On my Tylenol vs Advil blog post, I did not directly mention naproxen, better known by a trade name, Aleve. Do I have that in the first aid kit? Yes.
How is naproxen(Aleve) different than ibuprofen (Advil)?
Let’s start with how they are the SAME. Both are classified as “NSAIDs”, which means Non-Steroid Anti-Inflammatory Drug. So both naproxen and ibuprofen can be used to decrease swelling and inflammation, and both will lower elevated body temperatures (fevers). The product insert explains that naproxen is indicated for the relief of pain and fever, including headaches, toothaches, muscle and back aches, arthritis pains and menstrual cramps. Naproxen lasts longer than ibuprofen, so you only need to take it twice per day (every 12 hours) rather than ibuprofen’s recommended 6-8 hours.
A quick perusal of the current medical literature does not reveal any shocking data between ibuprofen and naproxen- both have similar effectiveness in pain relief and in side effect profiles. That being said, in my clinical practice I have traditionally used naproxen as my NSAID of choice for menstrual cramps, especially when there is heavy bleeding along with the cramps. Physicians often use prescription strength* doses of naproxen twice daily for the week before menses, then go to as needed use of naproxen the week of menses. This frequently decreases the amount of menstrual bleeding and improves the cramps associated with periods. Could this be done with ibuprofen too? Yes, but since this is scheduled usage, it’s nice to use a medication that is only twice per day versus three times.
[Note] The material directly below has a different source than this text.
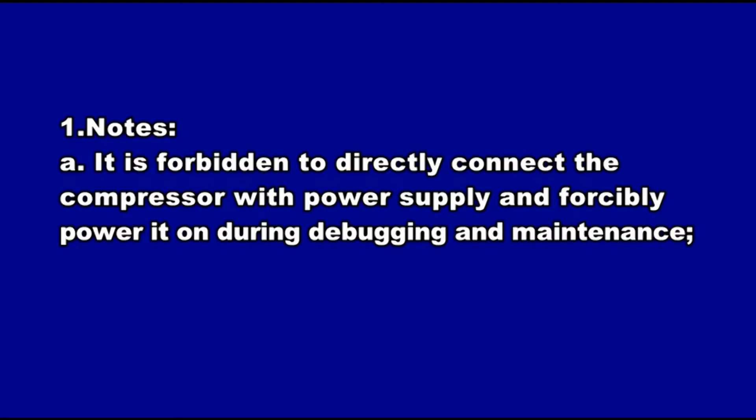UNIT COMMISSIONING. First, notes. A: It is forbidden to directly connect the compressor with power supply and forcibly power it on during debugging and maintenance.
All NSAIDs can potentially irritate the stomach lining and/or your kidneys, and they may cause fluid retention (do they make your rings feel tight?) In my clinical experience, though not supported by any recent evidence-based studies that I can find, the shorter acting NSAID ibuprofen often helps more with acute pain (especially injuries) than the longer acting naproxen, but this is really a personal preference.
BOTTOM LINE: Add “Aleve” (naproxen) to your first aid kit, and consider this a first choice for menstrual cramps. Figure out for yourself which type of NSAID (ibuprofen vs naprosyn) seems to work best for your other aches and pains, and talk with your doctor to be sure which one is right for you.